The speeds of metal-oxide-semiconductor (MOS) transistors are closely related to the drive currents of the MOS transistors, which drive currents are further closely related to the mobility of charges. For example, NMOS transistors have high drive currents when the electron mobility in their channel regions is high, while PMOS transistors have high drive currents when the hole mobility in their channel regions is high.
Germanium is a commonly known semiconductor material. The electron mobility and hole mobility of germanium are greater (2.6 times and 4 times, respectively) than that of silicon, which is the most commonly used semiconductor material in the formation of integrated circuits. Hence, germanium is an excellent material for forming integrated circuits. An additional advantageous feature of germanium is that germanium's hole and electron motilities have a greater stress sensitivity than that of silicon. For example, FIG. 1 illustrates the hole mobility of germanium and silicon as a function of uni-axial compressive stresses. It is noted that with the increase in the compressive stress, the hole mobility of germanium increases at a faster rate than silicon, indicating that germanium-based PMOS devices have a greater potential to have high drive currents than silicon-based PMOS devices. Similarly, FIG. 2 illustrates the electron mobility of germanium and silicon as functions of uni-axial tensile stresses. It is noted that with the increase in the tensile stress, the electron mobility of germanium increases at a faster rate than that of silicon, indicating that germanium-based NMOS devices have a greater potential to have high drive currents than silicon-based NMOS devices.

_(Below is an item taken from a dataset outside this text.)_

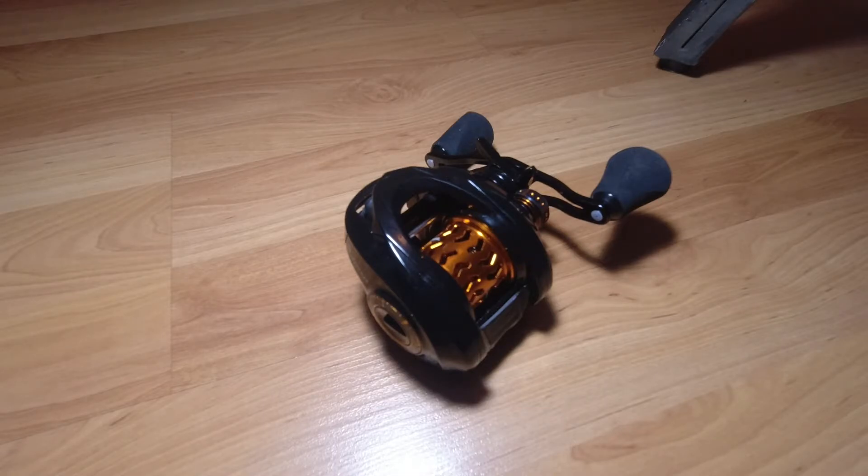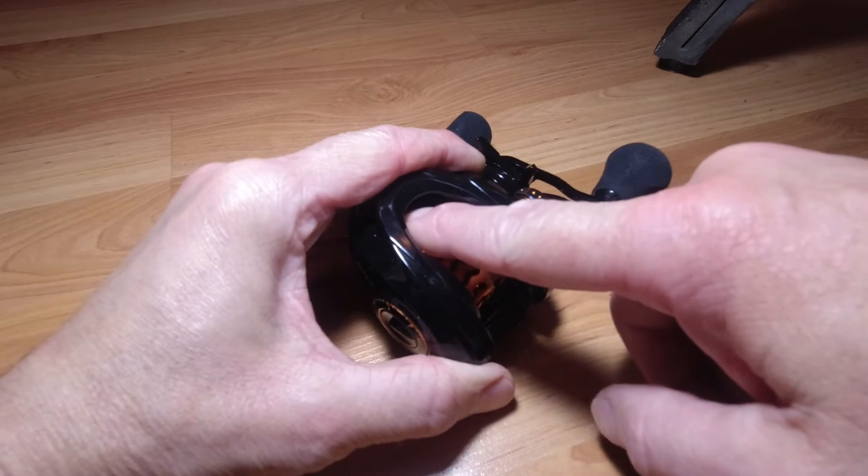Here I have the Speed Spool bearings installed and we're going to run the numbers. The OEM Cast King bearings doing the bearing test would only spin for about one second — actually less, averaging 0.8 to 0.9 seconds, but we'll call it one second. The Speed Spool bearing would spin for an average of 20 seconds — that's 20 times longer, or 2,000% longer. On the spool, the OEM bearings gave about 3.8 to 3.9 seconds — let's call it four seconds. With the Speed Spool bearings, the spool spins for fourteen seconds, averaging thirteen to fifteen seconds.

Germanium, however, also suffers from drawbacks. The bandgap of germanium is 0.66 eV, which is smaller than the bandgap of silicon (1.12 eV). This means that the substrate leakage currents of germanium-based MOS devices are high. In addition, the dielectric constant of germanium is 16, and is greater than the dielectric constant of silicon (11.9). Accordingly, the drain-induced barrier lowering (DIBL) of germanium-based MOS devices is also higher than that of silicon-based MOS devices.